» **ACTION ITEM**
From the entries below, reproduce exactly the lines from the one with "Béžová čalúnená dvojlôžková" through the one with "Pomo De Cerámica", both included, without images.

[[ DATASET EXTRACT, beginning ]]

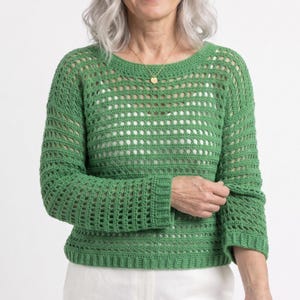 Easy Crochet Summer Mesh Sweater Pattern Easy Pullover crochet pattern | XS–XXL (PDF Download)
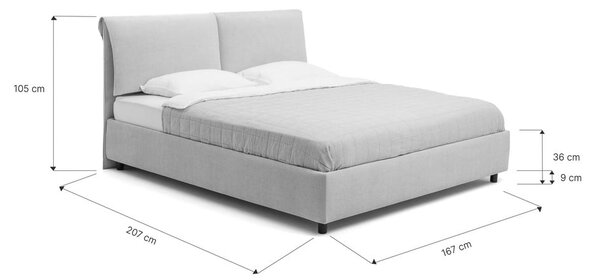 Béžová čalúnená dvojlôžková posteľ s úložným priestorom s roštom 160x200 cm Myra Pillow – Selection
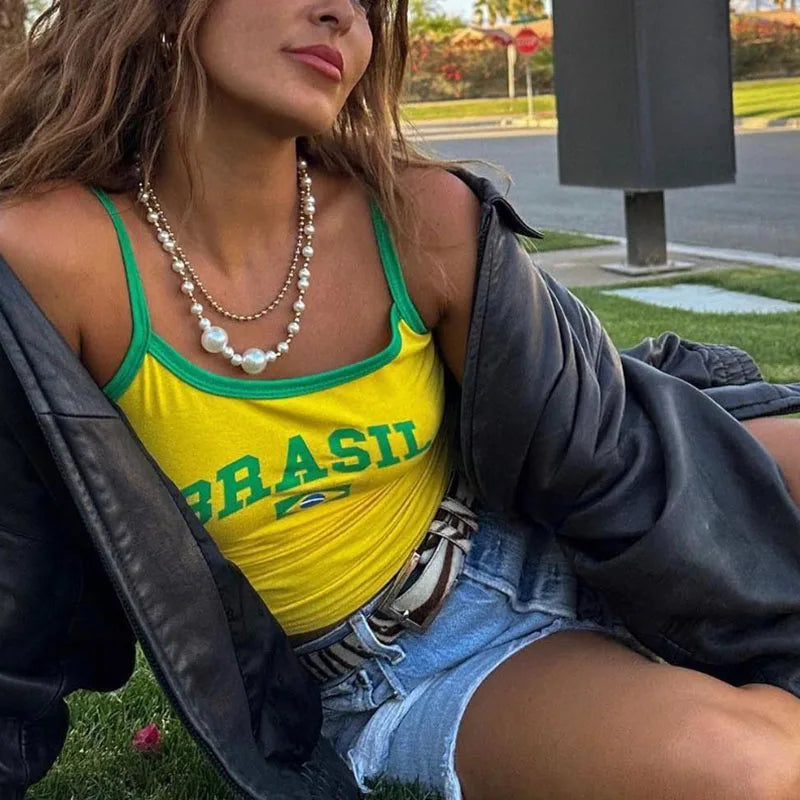 Summer Women BRASIL Letter Graphic Y2K Clothes T-shirt Streetwear Crop Top Aesthetic Goth Harajuku Tees Slim T Shirt Vintage Emo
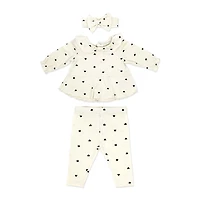 Baby Mode 3 Piece Legging and Headband Set: Cream Heart 3M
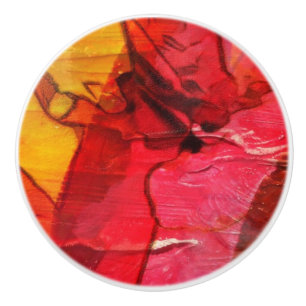 Pomo De Cerámica Amarillo rojo del arte de la acuarela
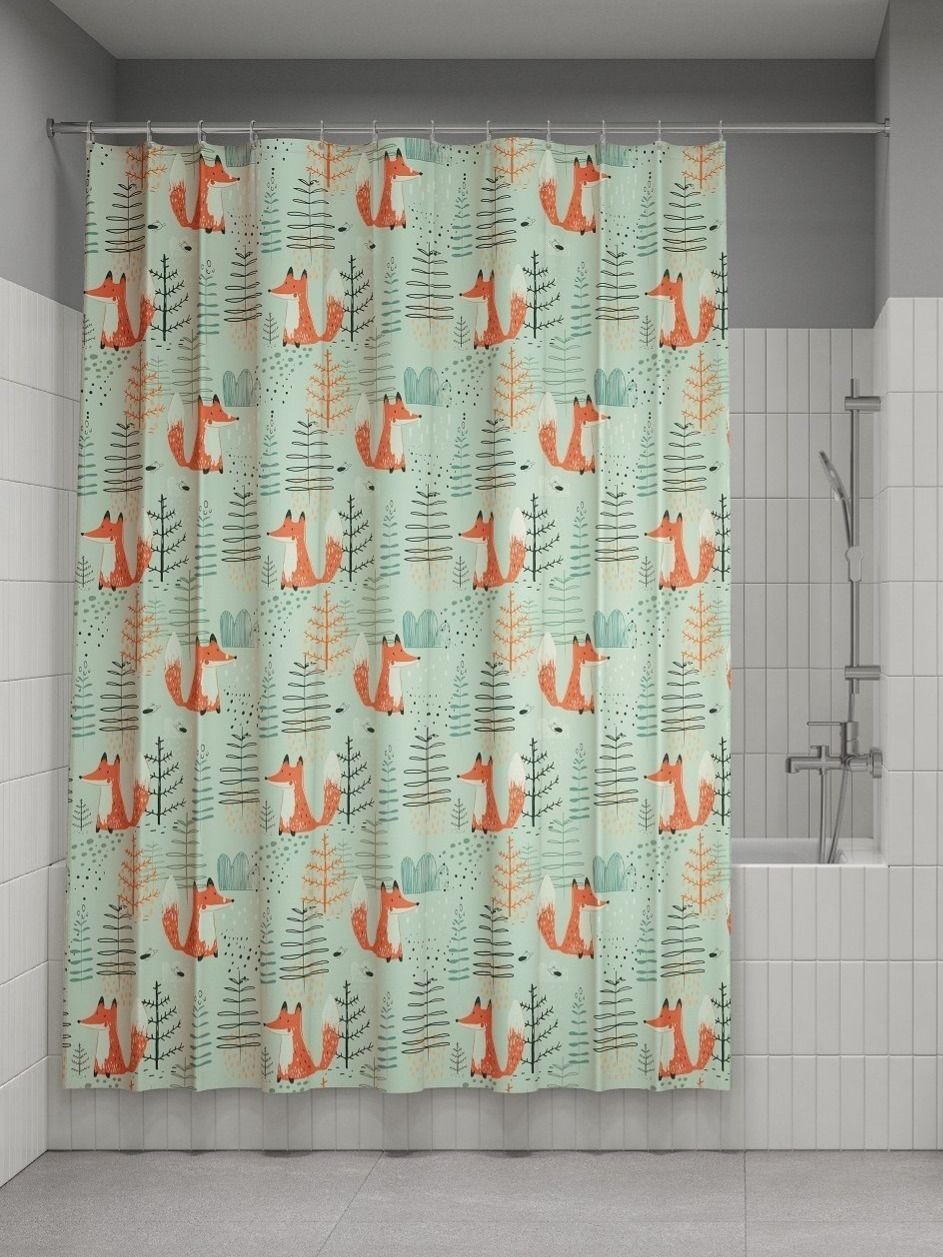 Фото товара на маркетплейсе ozon Штора для ванной комнаты и душа IDDIS, 180x200 см, тканевая, водонепроницаемая, полиэстер, с кольцами, BA04P18i11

[[ DATASET EXTRACT, end ]]

» **RESULT OF THIS TASK**
 Béžová čalúnená dvojlôžková posteľ s úložným priestorom s roštom 160x200 cm Myra Pillow – Selection
 Summer Women BRASIL Letter Graphic Y2K Clothes T-shirt Streetwear Crop Top Aesthetic Goth Harajuku Tees Slim T Shirt Vintage Emo
 Baby Mode 3 Piece Legging and Headband Set: Cream Heart 3M
 Pomo De Cerámica Amarillo rojo del arte de la acuarela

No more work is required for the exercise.